Many breweries have popped up around Wellington in the last three years. This has been convenient for The Beer Project because I haven’t been able to get out of Wellington to photograph breweries as often as I’d like. Recently two brewers, Llew Bardecki of Wild & Woolly Brewing, and Annika Naschitzki of Tiamana Brewery, have joined forces and finances to create a shared brewery in the suburb of Mt Cook, only two hundred metres from my office. Even more convenient.

The Wild & Woolly name could be equally well inspired by it’s handsomely dishevelled owner, Llew, or his wonderfully inventive brews. A 2.5% Berlinner weisse is already an unusual style in New Zealand, but add kaffir lime leaf, lemon zest and Thai basil, then you definitely have a wild and wacky, but incredibly tasty, beer. The brewery officially launched at Hashigo Zake with a beer named Silver Cat Angry Gummy Bear White Stout, an absurd and previously non-existent concept beer invented by Dylan Jauslin in a parody post about the top 20 beers you must try before you die. Just the type of challenge Llew enjoys.

Llew has been inspired by relatively normal (and existent) beers too. Early in his home brew career Llew tasted Yeastie Boys Pot Kettle Black and loved it so much he decided to make a clone. It turned out pretty well. Today he was brewing that hoppy porter again. To celebrate the beer’s origin Llew is wearing a Yeastie Boys t-shirt. “An observation I’ve made, and Stu [McKinlay of the Yeastie Boys] will like this, is that brewers are like bands: they will wear t-shirts of other brewers while they work,” a particularly apt simile given most of the Yeastie Boys beers being inspired by songs.

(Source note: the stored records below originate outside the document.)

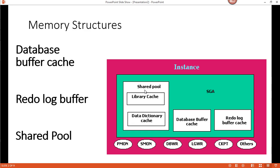So for example, in this diagram that I have here, these are the memory structures within the SGA. Within the SGA you have all these memory structures, and then on the outside you have background processes. Once you have these two connected or synchronized, you then create an instance.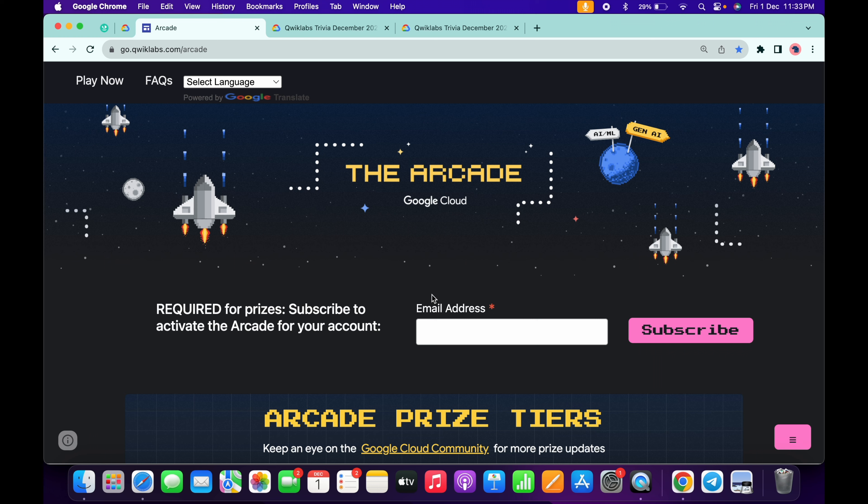Hello guys, welcome back to the channel. Finally, the second week of December trivia review is live now. Just scroll down to this page and from here you can see it's live. Click on the start button and you will be redirected to this page.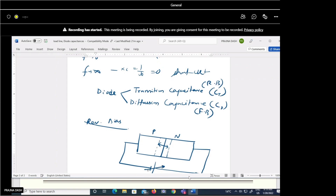As we increase the reverse bias voltage, the depletion layer width also increases. What is actually in the depletion layer? In the P side, there are uncovered negative ions, and in the N side, uncovered positive ions are there.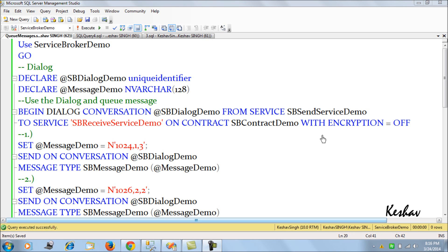Hello friends. With this session I'm trying to put forward a case study on a very interesting feature of SQL Server — that is Service Broker. It's not an explanation of Service Broker, but rather a case study and a real-time example on Service Broker and how we can leverage this interesting feature.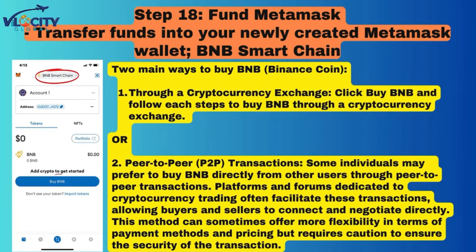Step 18: Fund MetaMask. Transfer funds into your newly created MetaMask wallet. There are two main ways to buy BNB Smart Chain. First option: through a cryptocurrency exchange — click Buy BNB and follow each step. Second option: peer-to-peer (P2P) transactions. Some individuals may prefer to buy BNB directly from other users. Platforms and forums dedicated to cryptocurrency trading often facilitate these transactions, allowing buyers and sellers to connect and negotiate directly. This method can offer more flexibility in payment methods and pricing, but requires caution to ensure the security of the transaction.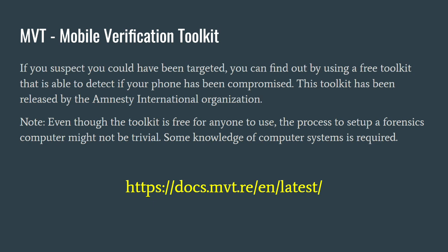So, if you suspect your phone has been targeted, luckily there's a free tool that you can use to determine whether that phone has been compromised. And it's available at this website that I'm given here. It was released by the Amnesty International Organization. That organization was involved in tracking down some of the infected phones.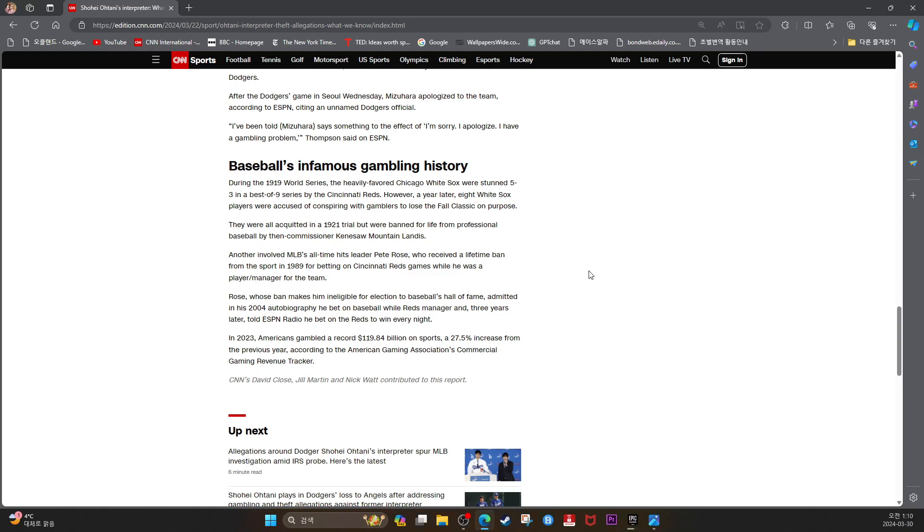According to the American Gambling Association's commercial gaming revenue tracker. CNN's David Close, Jill Martin, and Nick Watt contributed to this report.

Llew expects this brew to hit the limit of what the mash tun can comfortably hold. Mashing-in starts well but the mash temperature end up too high. Llew starts adding buckets of cold water to bring the the temperature down. The mash level gets dangerously close to the top before the temperature is close. Deft use of the mash paddle blends the cold water with the warm, and the correct temperature is reached without a drop spilt

A few weeks later I return. Llew is transferring the base beer for his Pacific Beer Expo beer into a white wine barrel for three weeks. It is a blonde ale so there is plenty of time to impart a subtle oak flavour that shouldn’t overpower the beer. It will be dry hopped with Pacifica hops and mandarin closer to the festival. As the beer is transferred Llew cleans a few kegs. Everything runs smoothly. The brewery is hosed down.

Llew is wearing his Yeastie Boys t-shirt again so we finish the night with a portrait, one to confound future beer historians.